Governo Lula reclama da Argentina em reunião sobre direitos humanos do Mercosul, acusações de obstrução à gravação e exclusão da sociedade civil nas comissões

O governo brasileiro registrou reclamações formais contra a delegação argentina durante a 45ª Reunião de Altas Autoridades sobre direitos humanos do Mercosul, realizada em outubro.

Segundo o informe do Ministério dos Direitos Humanos, a Argentina, representada na ocasião pelo governo de Javier Milei, teria se oposto à gravação das reuniões e à presença da sociedade civil em pelo menos uma comissão.

As informações constam no relatório de atividades do segundo semestre de 2025, elaborado pela pasta comandada por Macaé Evaristo, em informe datado de 23 de dezembro, conforme informação divulgada pelo Ministério dos Direitos Humanos.

Queixas sobre gravação e participação da sociedade civil

O documento relata que a delegação argentina foi contrária à gravação de reuniões, e que a oposição também ocorreu em uma sessão da Comissão Permanente de Promoção e Proteção dos Direitos de Pessoas com Deficiência.

Na avaliação brasileira, a atitude argentina “gerou impacto negativo na participação”. O relatório destaca ainda que “Ressalta-se que as outras delegações dos países presentes na reunião não questionaram a participação da sociedade civil e não manifestaram concordância com a solicitação da delegação argentina, incluindo o Brasil”.

Consenso, agenda e flexibilização para continuidade dos trabalhos

O informe explica que, por se tratar de um fórum que exige consenso, houve uma negociação para não paralisar os trabalhos, e que a participação da sociedade civil foi aprovada apenas em um ponto final da agenda.

Na linguagem do próprio documento, “Contudo, para viabilizar a aprovação da agenda e continuidade dos trabalhos da comissão, uma vez que é necessário consenso, foi dialogado e aprovada a participação da sociedade civil somente no ponto previsto na agenda, ao final da reunião.”

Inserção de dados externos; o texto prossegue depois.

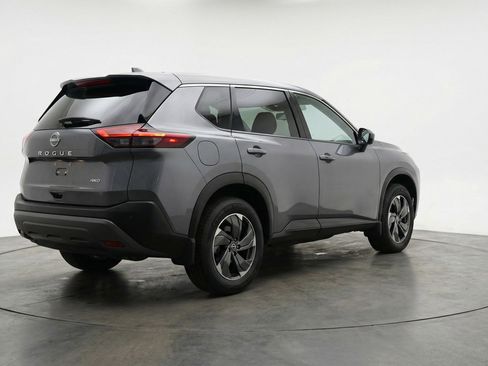 Used 2025 Nissan Rogue SV image 9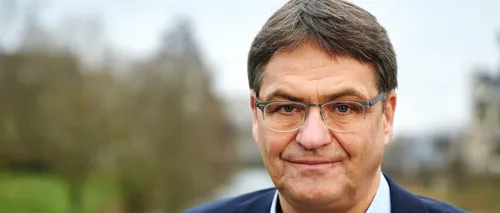 Un europarlamentar critică <i class='ep-highlight'>AstraZeneca</i> după problemele privind livrările de vaccin: „Îi tratează pe europeni ca pe cetățeni de rangul doi”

Críticas à condução das reuniões no primeiro semestre

O governo brasileiro, que presidiu as atividades no segundo semestre, também criticou a presidência argentina na primeira metade do ano, apontando problemas de calendário e formato.

O relatório afirma que a “Reunião de Altas Autoridades não ocorreu formalmente no primeiro semestre” e que, em maio, as demais reuniões “foram convocadas de maneira intempestiva, com alterações estruturais nas metodologias de trabalho” e com agenda unilateral, sem a sociedade civil.

Contexto e possíveis impactos institucionais

Não é a primeira vez que há atritos entre os governos do presidente Lula e de Javier Milei no âmbito do bloco, especialmente no tema dos direitos humanos do Mercosul. Nos últimos anos, a Argentina adotou medidas que, segundo Brasília, enfraqueceram o IPPDH, ligado ao bloco.

O episódio eleva o risco de maior tensão entre delegações durante as próximas reuniões do Mercosul, e coloca em evidência desafios sobre transparência e participação social nas discussões regionais sobre direitos humanos.

O Ministério dos Direitos Humanos de Lula, sob coordenação de Macaé Evaristo, registrou o caso no informe de 23 de dezembro para documentar as divergências e subsidiar as ações da presidência brasileira no bloco.